Syria's Ministry of Local Administration and Environment signed a memorandum of understanding with Turkey's Türksat on 21 April 2026, targeting data centers, smart-city platforms and a drop in real estate paperwork from weeks to one or two hours.

MoU Signed in Damascus

Syria's Ministry of Local Administration and Environment signed a memorandum of understanding with the Turkish company Türksat on 21 April 2026, opening a formal cooperation track on digital transformation, network infrastructure and cybersecurity. The agreement sits on the ministry side that runs local government services, rather than with a central sovereign technology body.

Scope of the Agreement

The memorandum sets a general framework for building secure digital infrastructure, data centers and information protection systems, together with support for designing and rolling out technical solutions and digital platforms for the Syrian public sector. Listed cooperation areas include smart environmental monitoring, smart-city applications, waste management solutions, exchange of technical expertise and training of Syrian staff.

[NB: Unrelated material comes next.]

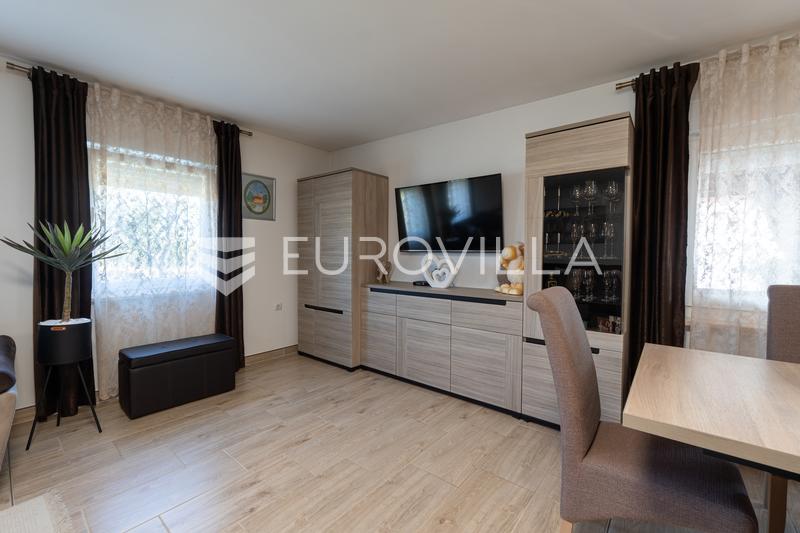 Mandićevac, prekrasna uređena kuća s vrtom i terasom, 145 m² - 14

Real Estate Paperwork Target

One of the most concrete service targets named in the memorandum is real estate transactions. Current procedures for buying and selling property run between 15 days and one month, and the cooperation sets a goal of bringing the processing window down to one or two hours through digitization of registry workflows. That change, if delivered, would touch one of the most friction-heavy routine interactions Syrians have with the state.

Timeline and Roll-out

First services under the agreement are scheduled to launch from the middle of next year, with full implementation expected to continue in stages over a period of five to seven years. That phased design puts the bulk of the practical impact well beyond the immediate horizon and signals that short-term changes will be limited to preparatory work and pilot services.

One Framework, Not Separate Deals

System design, platform implementation and staff training are bundled under a single memorandum rather than split across separate procurement contracts. That structure ties a multi-year work programme to one counterparty and shifts a meaningful share of technical capacity-building inside Syria to external trainers, while keeping policy ownership with the signing ministry.